Lions kill and eat zebra. Lions are predators. Zebras are prey.
Competition
Since there are limited amounts of resources in an ecosystem, if one organism gets a
particular resource, another does not. This leads to competition as two organisms try
to access the same resources. Food, water, sunlight, and space are examples of
resources that organisms compete for.
Plants and animals of the same species may compete for resources such as food,
water, shelter, and space. Populations of different species will also compete with one
other if their needs are the same as the needs of another population in that ecosystem.
For example, trees in a forest compete for sunlight. As one tree grows taller, the shorter
trees are shaded by it, and they receive less sunlight. The shorter trees may die as a
result.
The tall tree and the shorter trees in this picture are competing for sunlight.
Cooperation
Cooperation is a type of interaction in which organisms work together. Many species
exhibit cooperative behavior, including horses, dolphins, lions, and ants. Animals that
exhibit cooperative behavior often live, travel, and/or hunt in herds or groups. Living in
these groups can provide protection for the animals and a higher success rate during
hunts.
Groups of organisms that live together cooperatively are usually part of a hierarchy of
leadership. Some members of the group have a higher status than other members of
the group. Dominant members determine what the group will do and subordinate
members follow their lead. This helps to eliminate aggression between group members
and allows the group to work together for the benefit of all.

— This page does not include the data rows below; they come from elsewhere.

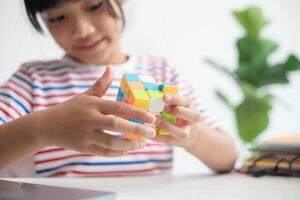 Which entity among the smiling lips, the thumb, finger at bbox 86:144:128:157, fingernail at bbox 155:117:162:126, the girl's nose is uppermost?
the girl's nose

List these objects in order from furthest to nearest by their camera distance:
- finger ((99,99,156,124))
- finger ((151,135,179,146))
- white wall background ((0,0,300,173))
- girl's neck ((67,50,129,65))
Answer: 1. white wall background ((0,0,300,173))
2. girl's neck ((67,50,129,65))
3. finger ((151,135,179,146))
4. finger ((99,99,156,124))

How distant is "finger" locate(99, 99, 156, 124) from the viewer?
54 centimetres

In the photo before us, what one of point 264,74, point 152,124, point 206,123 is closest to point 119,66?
point 206,123

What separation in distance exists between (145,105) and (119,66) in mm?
467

An example of an animal that lives in a cooperative group is the wolf. Wolves live in
packs that usually include six or seven members. There are two leaders within the
group, the alpha male and the alpha female, and these two pack members determine
when the pack hunts, moves location, or stays in an area. The leaders of the pack are
usually the pack members with the most experience in hunting and defending territory.
The other pack members have roles within this pack to help the pack work effectively.